Reflecting on the matter now with Barlow’s statement in mind, I realize that I tried to solve the ilearn problem from a scarcity-model informational standpoint; the smart money would have been to solve it relationally, to find someone who could help me step by step through the situation, perhaps through the obviously displayed email or chat support options.  Seeking that kind of help isn’t as comfortably in my playbook.   Looking back, I realize I  also have a few people in my networks (both professional and social) with whom I might have interacted in order to solve my problem.

Why didn’t I?  I bet that, in terms of digital  literacy, I am several, even 10s of thousand of hours short of Violetta’s time online.  If indeed, as Walter Ong famously wrote, “Writing is a Technology that Restructures Thought,” Violetta and I may very well negotiate such problems differently.   I bet she would have gotten the results, and probably through a more social source than the help files I looked at, which are simply digital analogues of mundane owner’s manuals — a typographic solution.  A digital insider might ask: why open the manual when you can instant message an expert?  Perhaps Violetta might have started by asking that “cool guy Matt” she was already chatting with, and he might have had the answer.

I think that we might be in the midst of a social change that dethrones, or destabilizes, our traditional view of a narrowly defined executive function as the preeminent organizational skill.  It may be that this concept was formulated in an era of, or under the influence of values generated by, typographic literacy.  Perhaps collaborative function, an ability to effectively access collective sources of knowledge, is a more apt descriptor of the underlying capability for problem solving in the digital era.

Where is the collaboration in this executive function model?

Lankshear and Knobel note how wikipedia, for example, “leverages collective intelligence for knowledge production in the public domain.”  The literature on digital literacy that has come across my workspaces of late suggests that some kind of collaborative function will increasingly trump the sort of executive function that typically is associated with students’ ability to focus.  If we fail to recognize this, we not only impair our own digital literacy, and misunderstand the classroom presence of our students, but also, even while using digital and new media, stage our attempts at problem-solving with a scarcity-based model of information lurking in the wings.
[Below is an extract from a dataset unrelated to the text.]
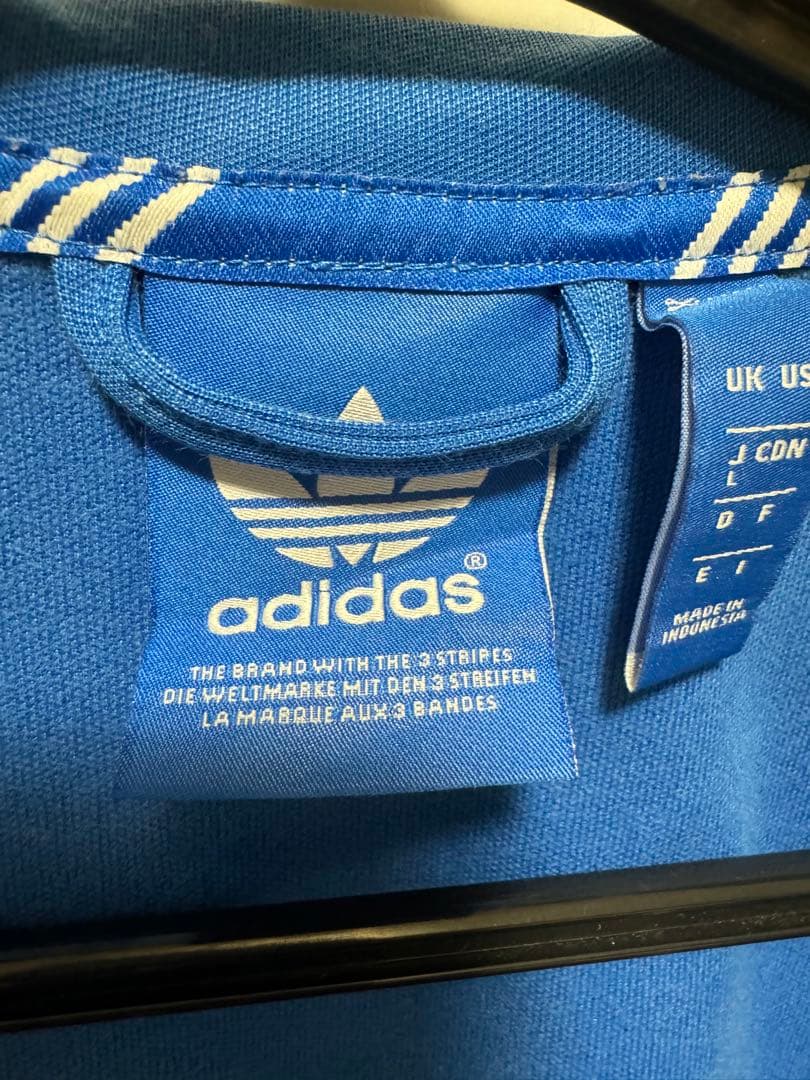 アディダス　トラックトップ　トレフォイル　ロイヤルブルー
Given the frequency with which New Media theorists invoke Jameson, Derrida, and other postmodern luminaries, it has become difficult to disassociate digital textuality from postmodernity itself.  Lankshear and Knobel note that the 2.0 digital mindset may be seen “as an aspect of the postmodern spirit.”  In “Blinded by the Letter:  Why Are We Using Literacy as a Metaphor for Everything Else?” Anne Frances Wysocki and Johndan Johnson-Eilola contrast, in a line of inquiry somewhat parallel to the scarcity/dispersion dichotomy, the private linearity of printed consciousness and the spatialized intertextuality of digital thinking.

Perhaps the world where the full implications of “an unseen network of reference” that is “visible, navigable, writable and readable, on our computer screens” is also the world of collaborative function, where users not only see/access links between texts, but are much more free to see/access the social relationships based upon textual exchange, the affective and informational networks through which texts, reified artifacts, useless in themselves, are transmitted and granted meaning.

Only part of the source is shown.